I didn't sleep properly for three nights. The night before my outpatient appointment, I slept for an hour. Why? My regular psychiatrist is on maternity leave for a year. Because the staff at my Mental Health Clinic know me well, I actually telephoned them in the morning before I was due to go and see my new psychiatrist to try and get the “low down” on him/her. Thankfully, Sharon, the receptionist said because he had an unpronounceable surname, everyone called him Dr. Roger, and that he was a very approachable, avuncular man and that I wasn't to worry, everything would be alright.
But why should I worry? Psychiatrists are a bit of a special case in medicine. Most pertinently, they wield the power, to remove your civil liberty – ie, they can section you under The Mental Health Act. Whilst it takes two psychiatrists and a social worker to “sign it off”, the decision, in all reality is usually made by just one psychiatrist. If one ponders this, it is an extraordinarily powerful and controlling tool they have at their disposal. Clearly, one would hope the vast majority of psychiatrists would never abuse this device, but it is almost a certainty that it will have been abused at some point, somewhere, by some psychiatrist.
Whilst what I've just written may sound a little conspiratorial, on a more urbane note, building a relationship of trust with a psychiatrist takes time. “Dr. Roger” commented almost immediately that I appeared extremely agitated, and I explained that because of my Social Anxiety, it takes a little time before I calm down when I am forced to converse with someone I don't know.

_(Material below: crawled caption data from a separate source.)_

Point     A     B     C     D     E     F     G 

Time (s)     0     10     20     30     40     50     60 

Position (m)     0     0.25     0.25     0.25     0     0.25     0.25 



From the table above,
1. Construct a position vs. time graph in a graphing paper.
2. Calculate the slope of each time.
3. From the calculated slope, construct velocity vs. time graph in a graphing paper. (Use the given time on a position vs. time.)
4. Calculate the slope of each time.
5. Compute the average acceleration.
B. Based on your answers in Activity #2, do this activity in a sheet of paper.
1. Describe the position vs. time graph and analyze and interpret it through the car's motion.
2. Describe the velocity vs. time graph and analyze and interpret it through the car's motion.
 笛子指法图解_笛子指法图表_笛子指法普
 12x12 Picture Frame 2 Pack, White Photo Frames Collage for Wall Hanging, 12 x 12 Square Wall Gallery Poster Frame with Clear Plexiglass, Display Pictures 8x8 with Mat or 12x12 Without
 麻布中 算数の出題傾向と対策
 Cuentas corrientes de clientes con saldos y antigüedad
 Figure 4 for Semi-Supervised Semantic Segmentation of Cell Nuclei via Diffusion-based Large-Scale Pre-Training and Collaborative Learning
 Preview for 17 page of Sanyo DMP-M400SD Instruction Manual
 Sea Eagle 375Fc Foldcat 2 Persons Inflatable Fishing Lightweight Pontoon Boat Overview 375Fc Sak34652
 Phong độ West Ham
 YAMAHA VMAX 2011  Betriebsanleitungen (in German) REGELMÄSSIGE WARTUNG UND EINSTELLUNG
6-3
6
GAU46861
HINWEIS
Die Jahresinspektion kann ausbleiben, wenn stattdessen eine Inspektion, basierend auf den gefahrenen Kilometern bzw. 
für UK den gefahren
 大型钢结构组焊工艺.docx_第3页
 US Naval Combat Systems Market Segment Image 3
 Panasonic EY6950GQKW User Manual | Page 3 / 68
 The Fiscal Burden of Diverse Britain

We sat and went through my rather large long list of medications and he asked, in a half-joking manner, how I managed to function whilst taking so many sedating medications. I explained that if I wasn't on them, he would be peeling me off the ceiling.
What differentiates psychiatrists from psychologists, apart from their remit, is that psychologists will tell you what they are thinking, whilst psychiatrists never do. You have to ask them whether you think things are going ok. Dr. Roger seemed to think things were going slowly, and probably always would, but this wasn't necessarily a problem. But there is always something rather inscrutable about a psychiatrist, and this is why I find it so unnerving having to meet a new one.
Like all consultants, they also have a tendency to diagnose something and then you read about it four weeks later when the consultation report plops through the letter box. Whether this is because they've been mulling it over, or they don't want to say it to your face, I'm unsure. It does leave you feeling powerless because you can't question what's lead them to that diagnosis, or what's made them believe that's what is the problem, or part of it. Whilst this isn't as bad as it was, I am left with a feeling that psychiatrists could benefit from going on a course that improves communication skills!
Whilst I hope Dr. Grunze, my wonderful Austrian Psychiatrist is enjoying her time off and enjoying time spent with her new bundle of joy, the selfish part of me is yearning for her return. I don't even have to say anything and she seems to know if there's a problem. It gets a bit wearing having to regurgitate eighteen years of mental health issues to various people over and over, because it becomes about reviewing the past, not looking to the future, to where the hope lies. Also, Dr. Grunze was honest like my last psychiatrist, though he was an awful psychiatrist. Both of them have said I have a life long mental illness, the difference being that Dr. Grunze has promised she can improve the quality of my life, which, over the last two years she has done so immeasurably. And I am indebted to her, and extraordinarily thankful.
I was disheartened when he said that in twelve weeks when I return for my next appointment it might be a different psychiatrist to Dr. Roger or it might not. One thing that remains of incredible importance to those with mental health issues is continuity. But if he's not there then so be it. Deep down, I'm just grateful that I live in a society where I am receiving this kind of help, where I am being monitored and watched over and where there is so much emphasis put on making the quality of my life as good as it possibly can be.